The primary constraint is the size of the language specification. Any new programming language starts out not being in the training data, so in context learning is all you've got. That makes it similar to a compression competition - the size of the codec is considered to be a part of the output size in such contests, so you have to balance codec code against how effective it is. You can't win by making a gigantic compressor that produces a tiny output.
To me that suggests starting from a base of an existing language and using an iterative tree-based agent exploration. It's a super expensive technique and I'm not sure the ROI is worth it, but that's how you'd do it. You don't want to create a new language from scratch.

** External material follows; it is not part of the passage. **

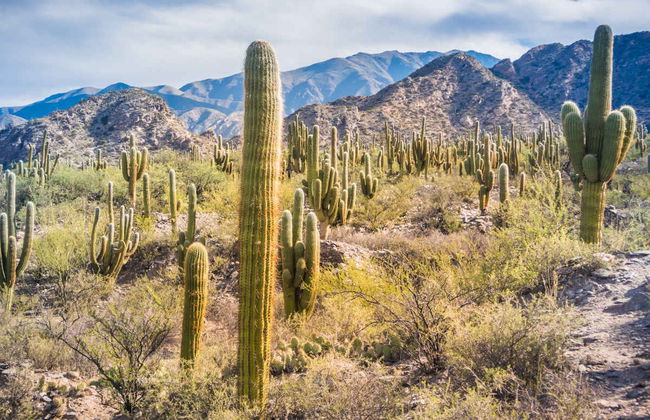 Excursão a Tafí del Valle e ruínas de Quilmes + Visita a uma vinícola - Foto 1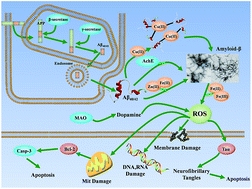 Graphical abstract: Drug-like chelating agents: a potential lead for Alzheimer's disease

I don't think focusing on tokenization makes sense. The more you drift from the tokenization of the training text the harder it will be for the model to work, just like with a human (and that's what the author finds). At best you might get small savings by asking it to write in something like Chinese, but the GPT-4/5 token vocabularies already have a lot of programming related tokens like ".self", ".Iter", "-server" and so on. So trying to make something look shorter to a human can easily be counter productive.
A better approach is to look at where models struggle and try to optimize a pre-existing language for those issues. It might all be rendered obsolete by a better model released tomorrow of course, but what I see is problems like this:
1. Models often want to emit imports or fully qualified names into the middle of code, because they can't go backwards and edit what they already emitted to add an import line at the top. So a better language for an LLM would be one that doesn't require you to move the cursor upwards as you type, e.g. Python/JS benefits here because you can run an import statement anywhere, languages like Java or Kotlin are just about workable because you can write out names in full and importing something is just a convenience, but languages that force you to import types only at the very top of the file are going to be hell for an LLM.

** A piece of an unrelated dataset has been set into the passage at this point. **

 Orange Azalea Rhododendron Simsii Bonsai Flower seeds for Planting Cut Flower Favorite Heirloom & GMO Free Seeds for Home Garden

Taking this principle further it may be useful to have a PL that lets you emit "delete last block" type tokens (smarter ^H). If the model emits code that it then realizes was wrong, it no longer has to commit to it and build on it anyway, it can wipe it and redo it. I've often noticed GPT-5 use "no op" patterns when it emits patches, where it deletes a line and then immediately re-adds the exact same line, and I think it's because it changed what it wanted to do half way through emitting a patch but had no way to stop except by doing a no-op.
The nice thing about this idea is that it's robust to model changes. For as long as we use auto-regression this will be a problem. Maybe diffusion LLMs find it easier but we don't use those today.
2. As the article notes, models can struggle with counting indentation especially when emitting patches. That suggests NOT using a whitespace sensitive language like Python. I keep hearing that Python is the "language of AI" but objectively models do sometimes still make mistakes with indentation. In a brace based language this isn't a problem, you can just mechanically reformat any file that the LLM edits after it's done. In a whitespace sensitive language that's not an option.
3. Heavy use of optional type inference. Types communicate lots of context in a small number of tokens, but demanding the model actually write out types is also inefficient (it knows in its activations what the types are meant to be). So what you want is to encourage the model to rely heavily on type inference even if the surrounding code is explicitl, then use a CLI tool that automatically adds in missing type annotations, i.e. you enrich the input and shrink the output. TypeScript, Kotlin etc - all good for this. Languages like Clojure, I think not so good, despite it being apparently token efficient on the surface.
4. In the same way you want to let the model import code half way through a file, it'd be good to also be able to add dependencies half way through a file, without needing to manually edit a separate file somewhere else. Even if it's redundant, you should be able to write something like "import('@foo/bar:1.2.3').SomeType.someMethod". Languages like JS/TS are the closest to this. You can't do it in most languages, where the definition of a package+version is very far both textually and semantically from the place where it's used.
5. Agree with the author that letting test and production code be interleaved sounds helpful. Models often forget to write tests but are good at following the style of what they see. If they see test code intermixed with the code they're reading and writing they're more likely to remember to add tests.
There's probably dozens of ideas like these. The nice thing is, if you implement it as a pre-processor on top of some other language, you exploit the exiting training data as much as possible and in fact the codebase it's working on becomes 'training data' as well just via ICL.